Tricia Barker, senior public information specialist at the NCSA, said that people use the supercomputer because it can calculate quickly.
“If they were to run [a program] on their own computer or cluster of computers, it might take months or even years,” Barker said. “If they move it to a supercomputer, it could take days or hours.”
Although the grant proposal is still waiting for approval, professors hope to see results this spring.
Professors take research gathered from the Federal Reserve on businesses’ past financial outcomes and decisions, and put it into the program. The computer will take the data and make a prediction on the outcome of certain choices, and professors then compare that with the actual outcome.
“So far the predictions have been accurate,” Krasa said.
The importance of the project not only deals with financial decision-making for businesses, but also with how things can be changed in the future. One major problem over the years has been the fact that different policies have been used to fix the economy, but with little insight as to how they will actually turn out, Villamil said.
“We try something, it doesn’t work. Then we try something else, and it also doesn’t work,” she added.
The model would allow for less costly experimentation, and actually allow for insight as to which policies would work better in certain situations.
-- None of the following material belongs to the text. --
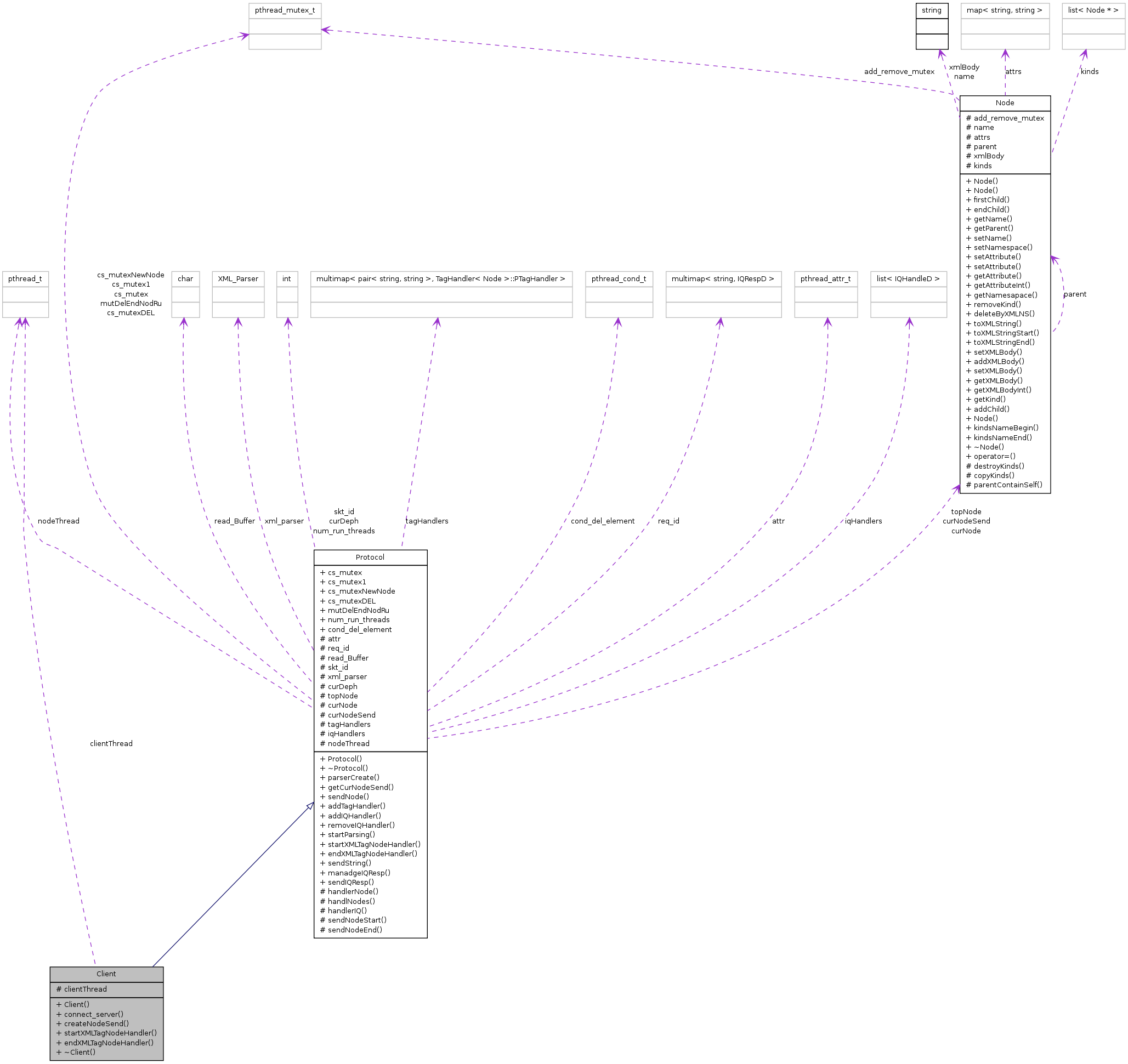 Collaboration graph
Villamil said the model could also help in making policies to help entrepreneurs operate better in the future. Not only that, but various changes in the way businesses are operated and the consequences of such changes can also be analyzed.
Krasa noted that currently, the program is working with smaller-scale data, analyzing a few businesses first before applying larger sets of data. The professors hope to move on to bigger things after making the system as accurate as possible.
“Our goal would be to see what would happen on a national level,” Villamil said.